If you accept credit cards as a form of payment on your website, you know that the risk of fraud is always present. But there are a few things you can do to protect yourself and your business from would-be scammers.
Use the Recommended Gateway Capture Setting
Unless otherwise required by your gateway provider, we always recommend that you use the default capture setting: Authorize at Sale, Capture at Shipping. With this setting enabled, credit cards are authorized for the purchase amount as soon as an order is placed, but you still have time to review the order before you capture the payment and ship the items. In most cases of online credit card fraud, the store owner (you!) is liable for chargebacks and fees incurred by capturing funds on a fraudulent order, so it’s important that you review each order before you capture the payment.
To make sure you’re using the most secure payment setting, go to Settings > Payment and click Alternative Settings at the bottom of the page.
You can learn more about transaction settings in the "Payment Gateway Transaction Settings" section of our payment settings article.
Examine AVS and CVV2 Responses
The Address Verification System (AVS) compares the numeric portion of the billing address (ZIP code and/or street address) that the customer enters during checkout to the information in the card issuer’s database. If there are any discrepancies, it’s probably a good idea to take a closer look. While an AVS mismatch doesn’t always signify fraud, it should serve as an indication to inspect the order more closely.
On your Order Details page, the AVS response field is located in the Payment Log section. You’ll see a single letter that represents a specific classification designated by your gateway provider. For example, the Authorize.net AVS response code “Y” means the street address and the first five digits of the ZIP code match perfectly.
Card Verification Codes (CVCs) have different names depending on the credit card company (Visa, for example, calls it the CVV2 code), but no matter what they’re called, they all serve the same purpose: to provide an added layer of security against card-not-present fraud. Since the card verification code is simply printed on the card and its data is not stored in the magnetic strip, it makes it much more difficult for someone to use the card fraudulently without actually having the physical card in their possession.
The CVV2 response code is also located in the Payment Log section of the Order Details page. Like the AVS response code, the CVV2 code corresponds to a classification specified by your payment gateway provider.

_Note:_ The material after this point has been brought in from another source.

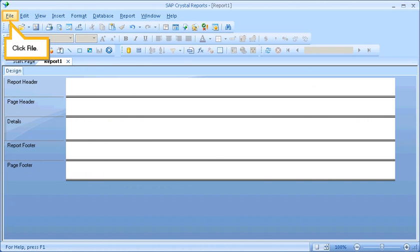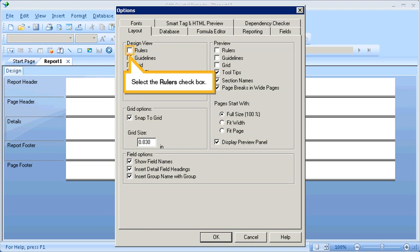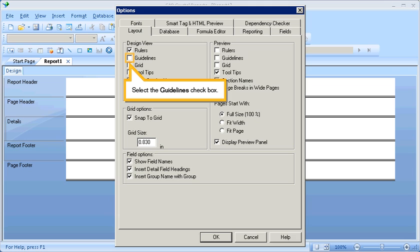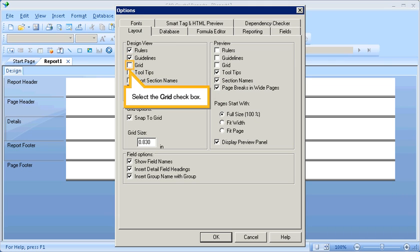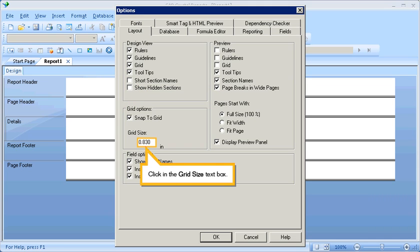Click File. Select Options. Select the Ruler's checkbox. Select the Guidelines checkbox. Select the Grid checkbox. Select the Tooltips checkbox. Click in the Grid Size textbox. Type 0.25 and click OK.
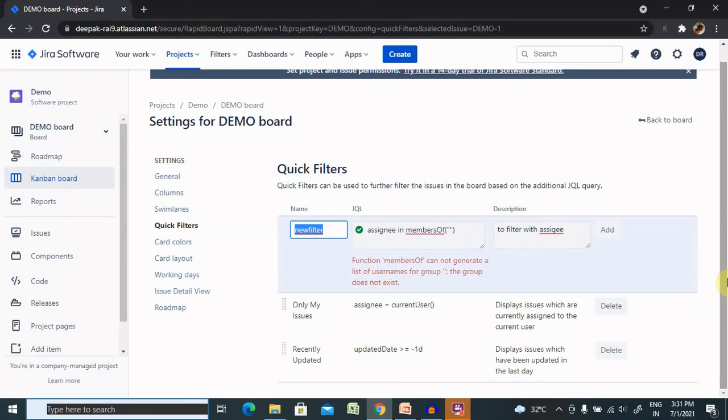our Jira board and use it for future reference. That's all about adding quick filters in Jira. Hope you liked it.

By default, your Volusion store requires CVV2 codes at checkout. You can change this setting by going to Settings > Config Variables and selecting Checkout Variables from the Filter menu.
Keep in mind that if you use Authorize and Capture at Shipping as your payment capture method, your checkout screen will not ask customers for a CVV2 number. Payment Card Industry (PCI) guidelines mandate that a CVC only be requested if it’s being checked in real time by the card issuer.
Use Good Judgment and Be Proactive
There are plenty of sophisticated tools and safeguards to help you stay a step ahead of the criminals, but oftentimes your best resource is intuition. You may have an order that looks completely benign and ordinary on paper, but something about it just doesn’t seem right. You’re well within your rights as a store owner to reach out to a customer if you have any questions or concerns. Give them a call, ask them a few questions, and trust your instincts. Most honest customers will appreciate your diligence. Even when you do business in the digital world, there’s no substitute for human interaction.
Here are a few more tips in addition to the points we’ve already covered:
- Always examine the billing address prior to shipment, even when the AVS response indicates no sign of fraud.
- Use extra caution on all orders requesting shipment to a different location than the billing address.
- Perform a reverse lookup on the phone number or the billing address.
- Be certain the customer’s IP (Internet Protocol) address and ISP (Internet Service Provider) are in reasonable proximity to the billing address.
- Be wary of international orders from high-risk regions like Southeast Asia, the Middle East, Africa, Eastern Europe, and Central America.
- Watch for multiple failed order attempts from the same purchaser.
- Use your IP Firewall to block fraudsters from repeat attempts.
- Be wary of email addresses that contain random-looking character sequences, especially addresses provided through free services like Yahoo, Gmail, or Hotmail.
- Look closely at any order placed with an email address that includes a different name than the cardholder’s.
- Be cautious with orders that have unusually high transaction totals.
- Take advantage of Volusion’s Fraud Score service.
Use Fraud Score
A subscription to Volusion’s Fraud Score service can take a lot of the legwork out of the order review process. With Fraud Score, many of the points discussed above are automated and factored in to a formula that evaluates the risk factors associated with an order. You can learn more about Fraud Score by reading the FAQs on our website.
Remain Optimistically Guarded
Ultimately, the majority of online shoppers are honest people making legitimate purchases, so there’s no need to be paranoid. Good judgment, common sense, and due diligence are usually enough to keep the scammers at bay.